Work task → Transcribe the data as written, minus images.

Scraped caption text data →
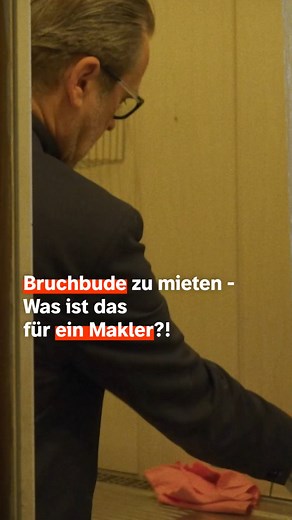 Wohnungsangebote wie diese sind eine Zumutung – und auch Makler wie dieser hier: preist eine unrenovierte Mini-Bude an, als wäre es ein echtes Schätzchen. In der ARD Story "Crashkurs für Immobilienhaie" schlüpft Schauspieler Matthias Matschke in die Rolle eines profitgierigen Immobilienhais. | SWR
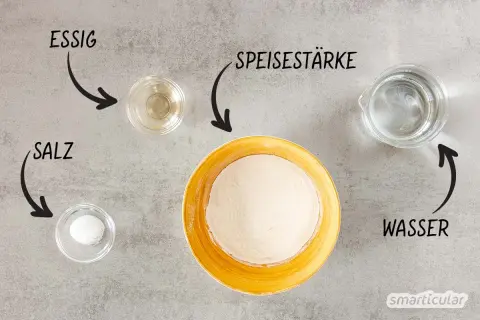 Zutaten für selbstgemachten Kleber: Speisestärke, Wasser, Essig und Salz.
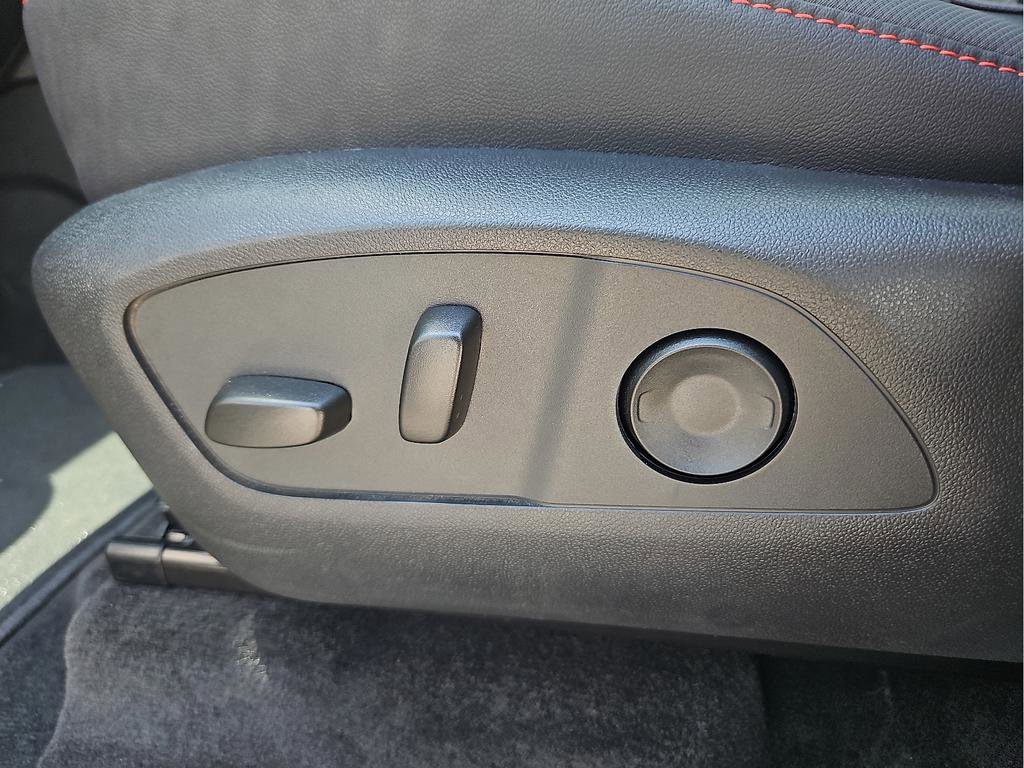 Used 2026 Chevrolet Traverse Z71 w/ LPO, Floor Liner Package image 12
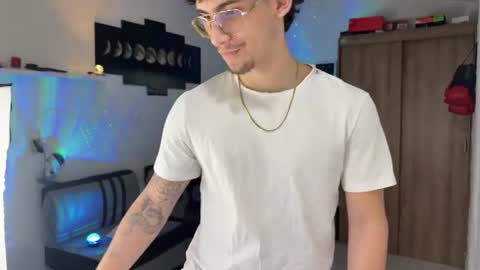 kisan_smith live room snapshot on Chaturbate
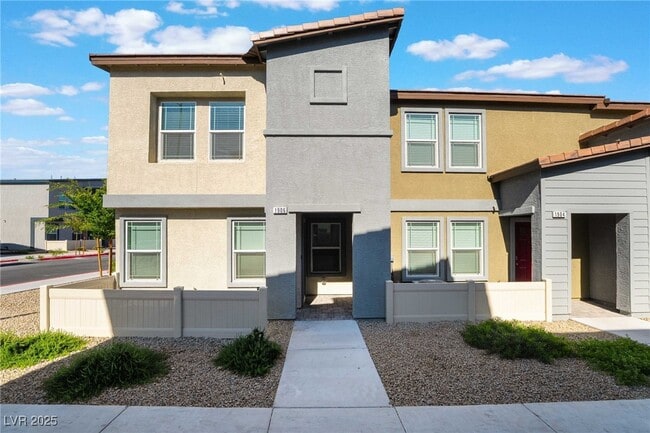 property at 1906 Arietta Pl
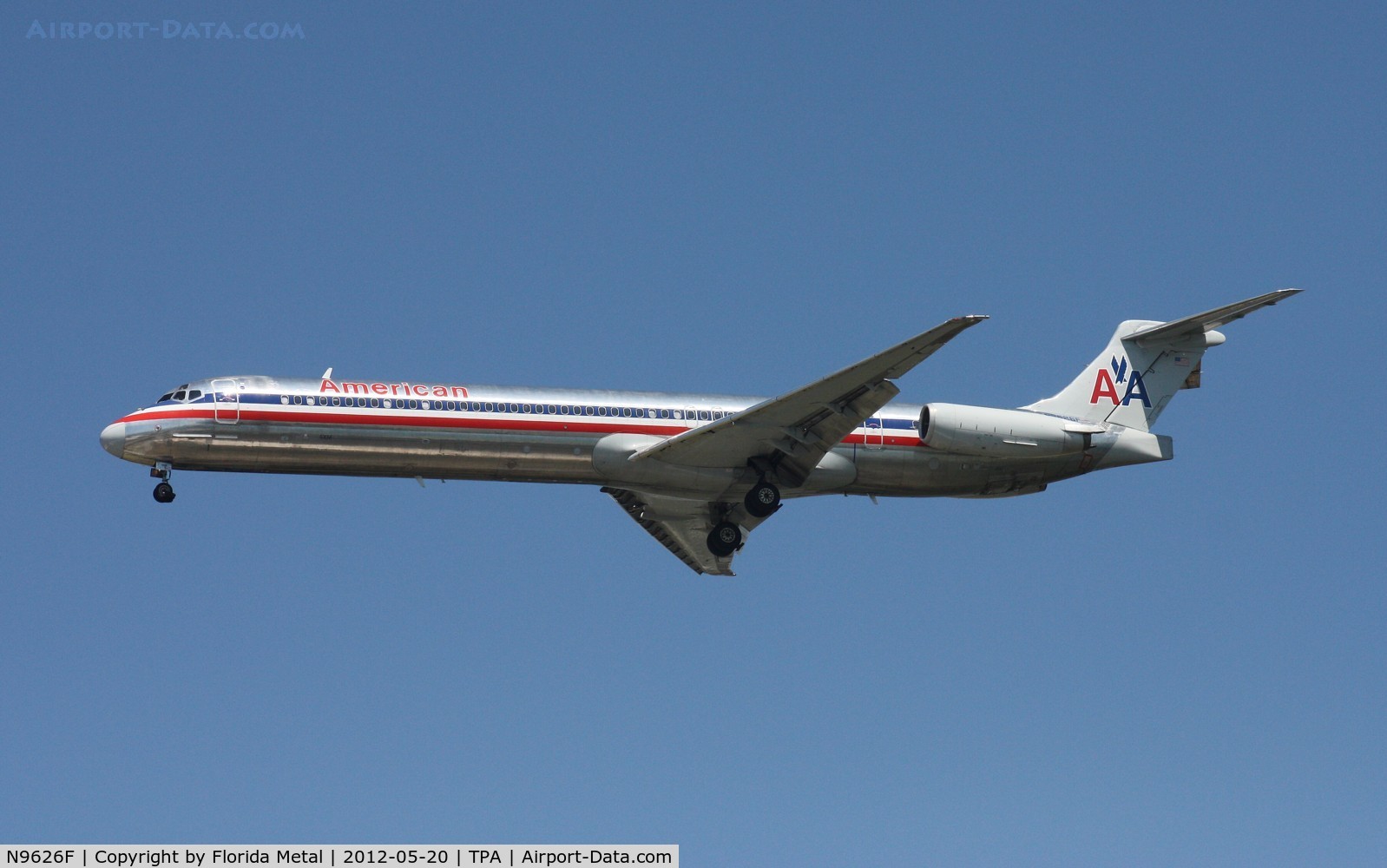 N9626F, 1998 McDonnell Douglas MD-83 (DC-9-83) C/N 53596, American MD-83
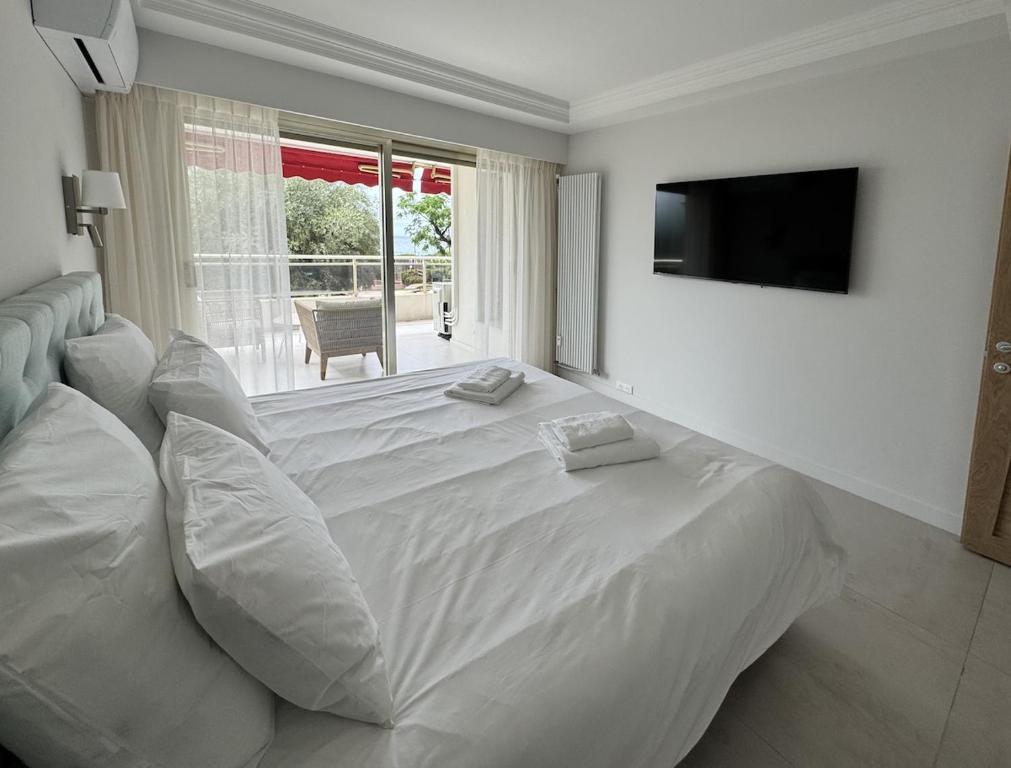Elegant 2 Br with parking - 5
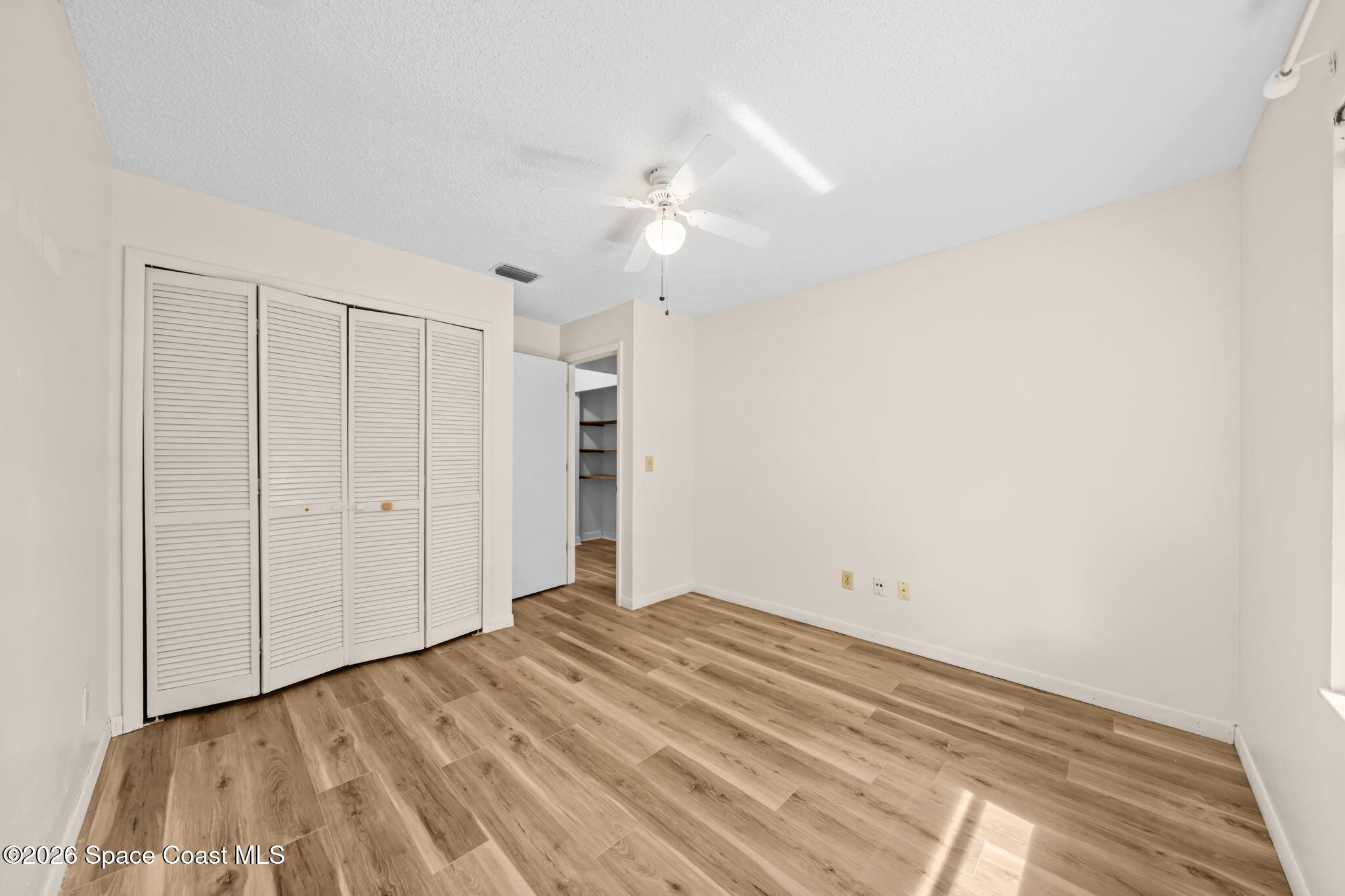 221 Seahorse Circle SE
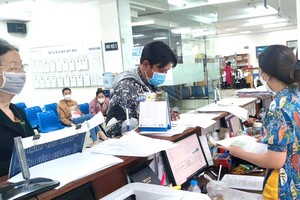 民眾在社保機關辦理手續。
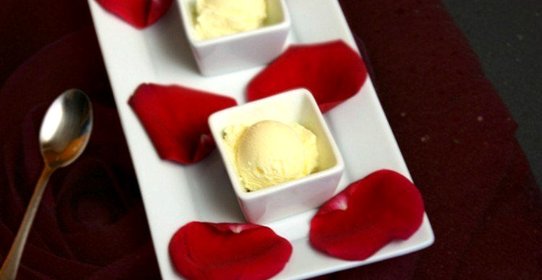 Розовое мороженое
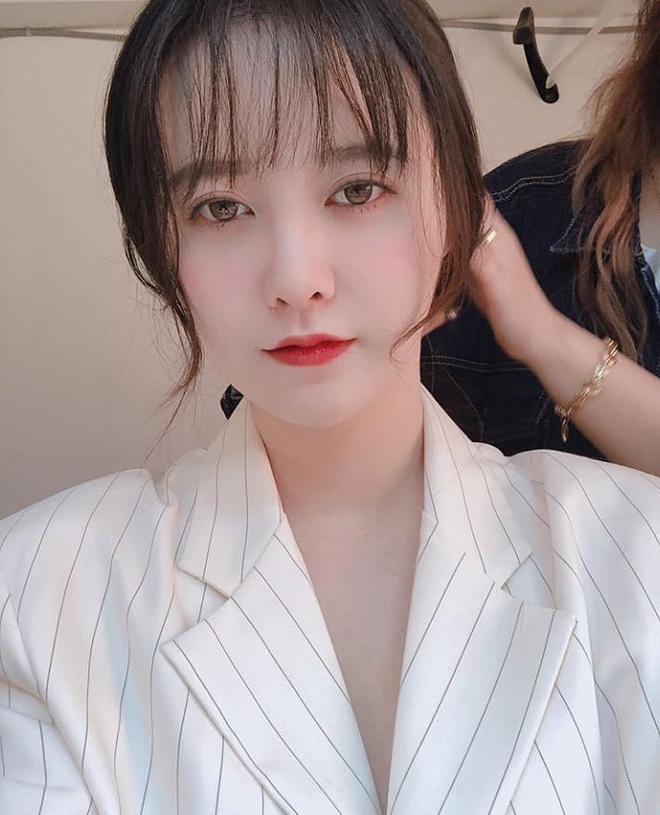 Sau bao năm, Goo Hye Sun vẫn trẻ trung như thời còn đóng &quot;nàng Cỏ&quot; nhờ combo mái thưa - makeup vi diệu - Ảnh 5.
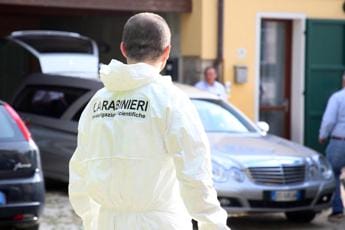 Galleria foto 'Napoli, trovato cadavere in centro sportivo abbandonato di Caivano' - foto 1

Exercise response →
 Wohnungsangebote wie diese sind eine Zumutung – und auch Makler wie dieser hier: preist eine unrenovierte Mini-Bude an, als wäre es ein echtes Schätzchen. In der ARD Story "Crashkurs für Immobilienhaie" schlüpft Schauspieler Matthias Matschke in die Rolle eines profitgierigen Immobilienhais. | SWR
 Zutaten für selbstgemachten Kleber: Speisestärke, Wasser, Essig und Salz.
 Used 2026 Chevrolet Traverse Z71 w/ LPO, Floor Liner Package image 12
 kisan_smith live room snapshot on Chaturbate
 property at 1906 Arietta Pl
 N9626F, 1998 McDonnell Douglas MD-83 (DC-9-83) C/N 53596, American MD-83
Elegant 2 Br with parking - 5
 221 Seahorse Circle SE
 民眾在社保機關辦理手續。
 Розовое мороженое
 Sau bao năm, Goo Hye Sun vẫn trẻ trung như thời còn đóng &quot;nàng Cỏ&quot; nhờ combo mái thưa - makeup vi diệu - Ảnh 5.
 Galleria foto 'Napoli, trovato cadavere in centro sportivo abbandonato di Caivano' - foto 1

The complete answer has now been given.